== DATA EXTRACTS ==

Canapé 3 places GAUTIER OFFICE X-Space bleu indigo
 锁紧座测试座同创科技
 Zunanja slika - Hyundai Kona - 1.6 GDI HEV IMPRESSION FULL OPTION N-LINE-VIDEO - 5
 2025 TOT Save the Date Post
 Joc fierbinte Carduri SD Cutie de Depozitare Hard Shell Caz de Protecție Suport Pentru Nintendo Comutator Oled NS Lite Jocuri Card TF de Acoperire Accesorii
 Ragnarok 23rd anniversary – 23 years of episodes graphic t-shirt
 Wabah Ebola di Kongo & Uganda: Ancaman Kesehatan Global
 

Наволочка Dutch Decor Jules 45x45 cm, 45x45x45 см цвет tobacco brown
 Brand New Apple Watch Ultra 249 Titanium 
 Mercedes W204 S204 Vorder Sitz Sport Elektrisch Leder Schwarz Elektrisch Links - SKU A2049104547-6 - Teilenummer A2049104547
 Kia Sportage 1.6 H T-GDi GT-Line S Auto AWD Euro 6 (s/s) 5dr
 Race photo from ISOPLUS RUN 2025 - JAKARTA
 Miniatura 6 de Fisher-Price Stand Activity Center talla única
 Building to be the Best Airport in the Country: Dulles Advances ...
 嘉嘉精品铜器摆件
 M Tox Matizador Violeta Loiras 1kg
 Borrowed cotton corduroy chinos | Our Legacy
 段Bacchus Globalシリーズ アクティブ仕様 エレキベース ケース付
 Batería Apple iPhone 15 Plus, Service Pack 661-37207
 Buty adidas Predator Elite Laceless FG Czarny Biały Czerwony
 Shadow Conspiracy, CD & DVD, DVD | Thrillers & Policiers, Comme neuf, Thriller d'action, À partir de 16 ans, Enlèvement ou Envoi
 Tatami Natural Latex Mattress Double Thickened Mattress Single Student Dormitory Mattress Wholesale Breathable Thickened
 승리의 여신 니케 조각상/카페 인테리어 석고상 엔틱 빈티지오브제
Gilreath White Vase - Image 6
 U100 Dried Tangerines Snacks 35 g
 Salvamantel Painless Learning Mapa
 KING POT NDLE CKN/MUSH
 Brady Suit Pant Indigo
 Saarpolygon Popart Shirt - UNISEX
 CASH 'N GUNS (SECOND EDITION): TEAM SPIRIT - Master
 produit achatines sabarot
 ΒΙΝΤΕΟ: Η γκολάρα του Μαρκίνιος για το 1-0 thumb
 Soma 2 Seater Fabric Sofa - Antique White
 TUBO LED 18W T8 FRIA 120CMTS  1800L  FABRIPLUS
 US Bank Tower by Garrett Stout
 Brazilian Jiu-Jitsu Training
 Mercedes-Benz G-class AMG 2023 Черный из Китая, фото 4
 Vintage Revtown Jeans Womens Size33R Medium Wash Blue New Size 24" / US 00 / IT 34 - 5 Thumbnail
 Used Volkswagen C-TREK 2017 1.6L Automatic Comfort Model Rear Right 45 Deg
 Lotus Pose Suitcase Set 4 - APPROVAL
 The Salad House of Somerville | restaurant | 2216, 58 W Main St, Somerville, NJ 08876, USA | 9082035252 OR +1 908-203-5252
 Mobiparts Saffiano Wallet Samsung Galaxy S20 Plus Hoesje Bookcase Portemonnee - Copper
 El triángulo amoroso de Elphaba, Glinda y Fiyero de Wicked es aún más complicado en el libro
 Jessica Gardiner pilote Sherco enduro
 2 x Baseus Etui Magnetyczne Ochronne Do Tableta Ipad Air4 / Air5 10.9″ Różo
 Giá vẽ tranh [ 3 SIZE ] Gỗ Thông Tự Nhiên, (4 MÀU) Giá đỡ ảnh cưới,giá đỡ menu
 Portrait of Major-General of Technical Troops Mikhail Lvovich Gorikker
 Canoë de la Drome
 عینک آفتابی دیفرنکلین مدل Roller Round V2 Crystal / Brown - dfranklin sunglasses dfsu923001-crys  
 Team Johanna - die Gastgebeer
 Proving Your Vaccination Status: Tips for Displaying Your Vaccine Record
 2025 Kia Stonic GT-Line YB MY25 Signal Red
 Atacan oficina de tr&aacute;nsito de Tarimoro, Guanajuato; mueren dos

===

**WORK ITEM**: The response should consist of every record, written out exactly as given.

**FINISHED TASK**:
Canapé 3 places GAUTIER OFFICE X-Space bleu indigo
 锁紧座测试座同创科技
 Zunanja slika - Hyundai Kona - 1.6 GDI HEV IMPRESSION FULL OPTION N-LINE-VIDEO - 5
 2025 TOT Save the Date Post
 Joc fierbinte Carduri SD Cutie de Depozitare Hard Shell Caz de Protecție Suport Pentru Nintendo Comutator Oled NS Lite Jocuri Card TF de Acoperire Accesorii
 Ragnarok 23rd anniversary – 23 years of episodes graphic t-shirt
 Wabah Ebola di Kongo & Uganda: Ancaman Kesehatan Global
 

Наволочка Dutch Decor Jules 45x45 cm, 45x45x45 см цвет tobacco brown
 Brand New Apple Watch Ultra 249 Titanium 
 Mercedes W204 S204 Vorder Sitz Sport Elektrisch Leder Schwarz Elektrisch Links - SKU A2049104547-6 - Teilenummer A2049104547
 Kia Sportage 1.6 H T-GDi GT-Line S Auto AWD Euro 6 (s/s) 5dr
 Race photo from ISOPLUS RUN 2025 - JAKARTA
 Miniatura 6 de Fisher-Price Stand Activity Center talla única
 Building to be the Best Airport in the Country: Dulles Advances ...
 嘉嘉精品铜器摆件
 M Tox Matizador Violeta Loiras 1kg
 Borrowed cotton corduroy chinos | Our Legacy
 段Bacchus Globalシリーズ アクティブ仕様 エレキベース ケース付
 Batería Apple iPhone 15 Plus, Service Pack 661-37207
 Buty adidas Predator Elite Laceless FG Czarny Biały Czerwony
 Shadow Conspiracy, CD & DVD, DVD | Thrillers & Policiers, Comme neuf, Thriller d'action, À partir de 16 ans, Enlèvement ou Envoi
 Tatami Natural Latex Mattress Double Thickened Mattress Single Student Dormitory Mattress Wholesale Breathable Thickened
 승리의 여신 니케 조각상/카페 인테리어 석고상 엔틱 빈티지오브제
Gilreath White Vase - Image 6
 U100 Dried Tangerines Snacks 35 g
 Salvamantel Painless Learning Mapa
 KING POT NDLE CKN/MUSH
 Brady Suit Pant Indigo
 Saarpolygon Popart Shirt - UNISEX
 CASH 'N GUNS (SECOND EDITION): TEAM SPIRIT - Master
 produit achatines sabarot
 ΒΙΝΤΕΟ: Η γκολάρα του Μαρκίνιος για το 1-0 thumb
 Soma 2 Seater Fabric Sofa - Antique White
 TUBO LED 18W T8 FRIA 120CMTS  1800L  FABRIPLUS
 US Bank Tower by Garrett Stout
 Brazilian Jiu-Jitsu Training
 Mercedes-Benz G-class AMG 2023 Черный из Китая, фото 4
 Vintage Revtown Jeans Womens Size33R Medium Wash Blue New Size 24" / US 00 / IT 34 - 5 Thumbnail
 Used Volkswagen C-TREK 2017 1.6L Automatic Comfort Model Rear Right 45 Deg
 Lotus Pose Suitcase Set 4 - APPROVAL
 The Salad House of Somerville | restaurant | 2216, 58 W Main St, Somerville, NJ 08876, USA | 9082035252 OR +1 908-203-5252
 Mobiparts Saffiano Wallet Samsung Galaxy S20 Plus Hoesje Bookcase Portemonnee - Copper
 El triángulo amoroso de Elphaba, Glinda y Fiyero de Wicked es aún más complicado en el libro
 Jessica Gardiner pilote Sherco enduro
 2 x Baseus Etui Magnetyczne Ochronne Do Tableta Ipad Air4 / Air5 10.9″ Różo
 Giá vẽ tranh [ 3 SIZE ] Gỗ Thông Tự Nhiên, (4 MÀU) Giá đỡ ảnh cưới,giá đỡ menu
 Portrait of Major-General of Technical Troops Mikhail Lvovich Gorikker
 Canoë de la Drome
 عینک آفتابی دیفرنکلین مدل Roller Round V2 Crystal / Brown - dfranklin sunglasses dfsu923001-crys  
 Team Johanna - die Gastgebeer
 Proving Your Vaccination Status: Tips for Displaying Your Vaccine Record
 2025 Kia Stonic GT-Line YB MY25 Signal Red
 Atacan oficina de tr&aacute;nsito de Tarimoro, Guanajuato; mueren dos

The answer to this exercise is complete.